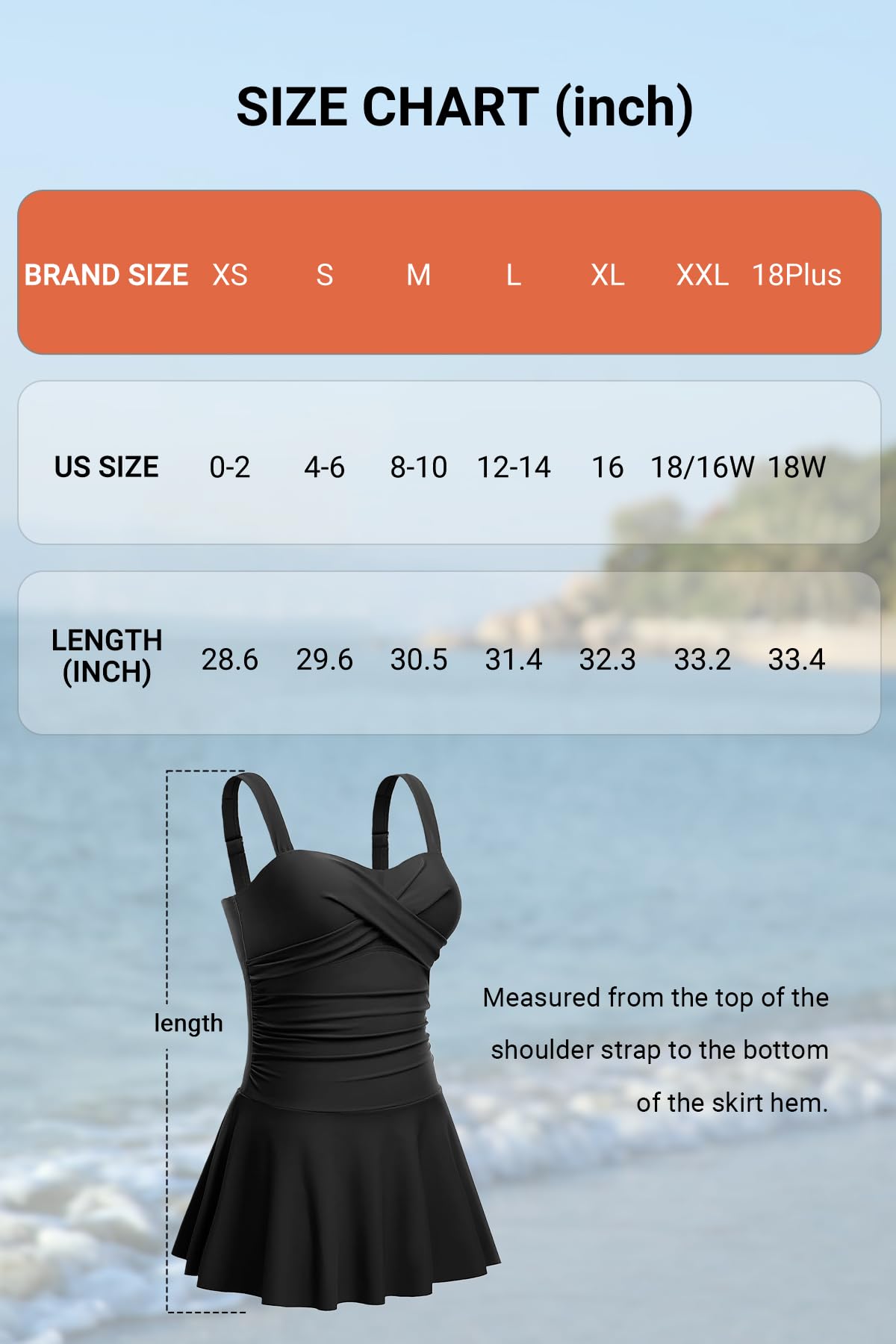 One Piece Swim Dress Tummy Control Swimsuit with Skirt Modest Bathing Suit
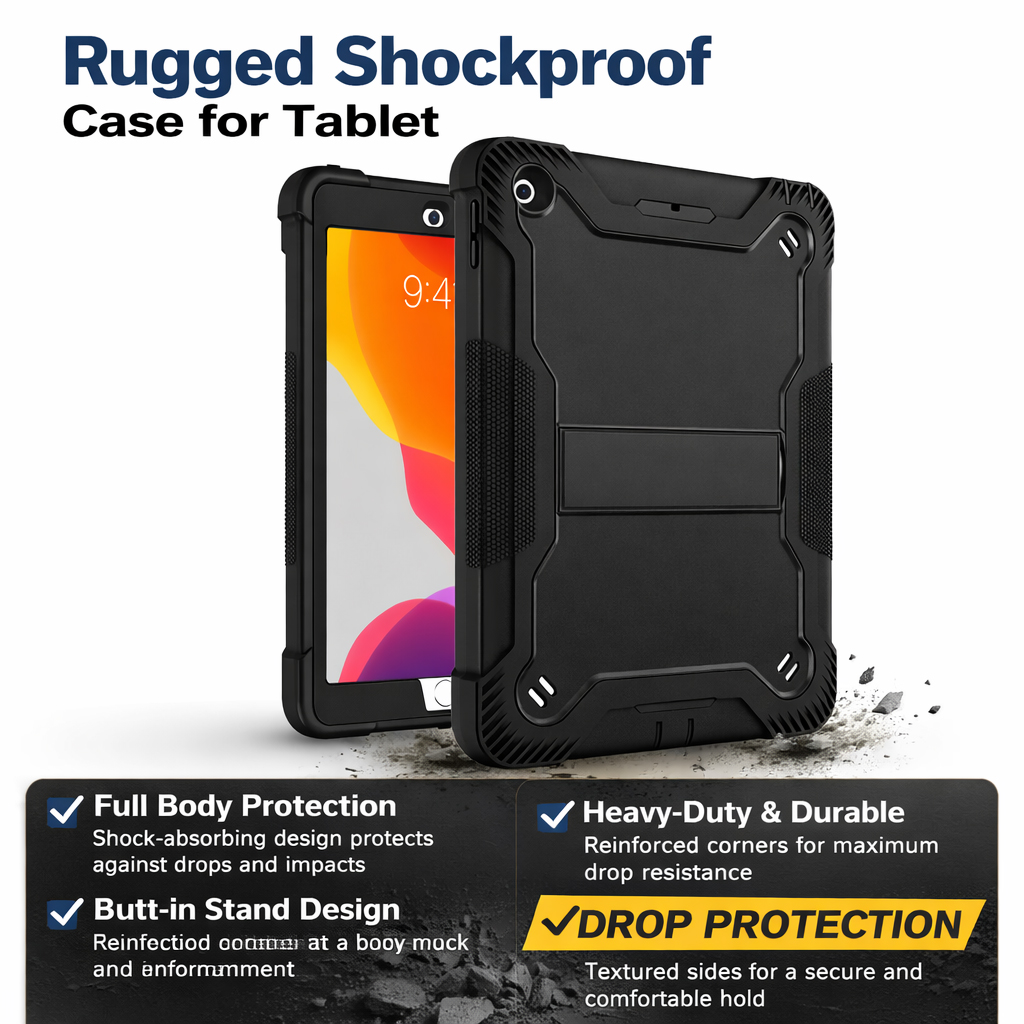 TOZIZO Full Body Protective Case for iPad 10.2 – Black Rugged 3-in-1 Heavy Duty Cover with Kickstand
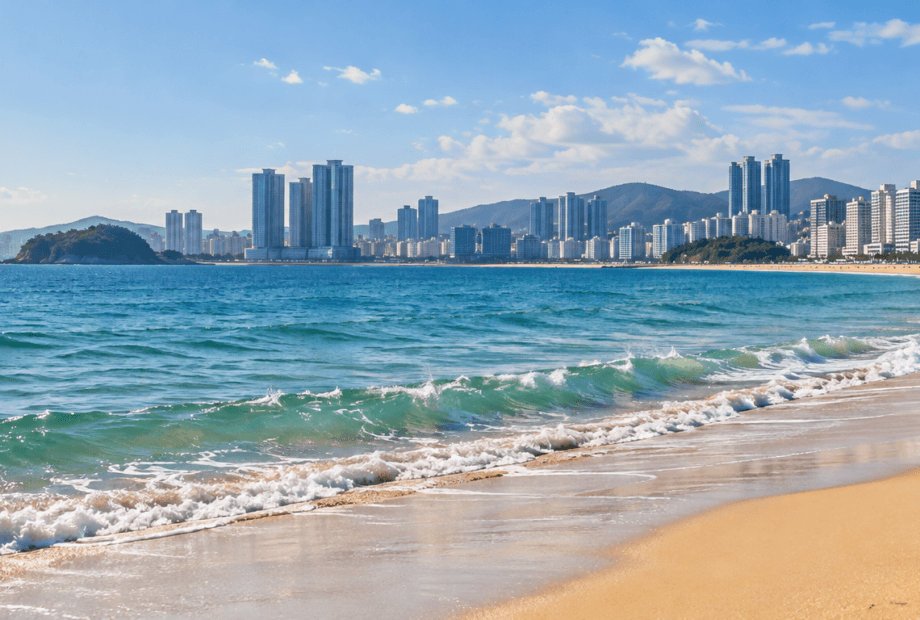 AI-generated illustration of a sandy beach and coastal skyline inspired by Busan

WHAT YOU SHOULD DO:
An exact copy of the listing is required; return it without any pictures.

EXERCISE OUTPUT:
 One Piece Swim Dress Tummy Control Swimsuit with Skirt Modest Bathing Suit
 TOZIZO Full Body Protective Case for iPad 10.2 – Black Rugged 3-in-1 Heavy Duty Cover with Kickstand
 AI-generated illustration of a sandy beach and coastal skyline inspired by Busan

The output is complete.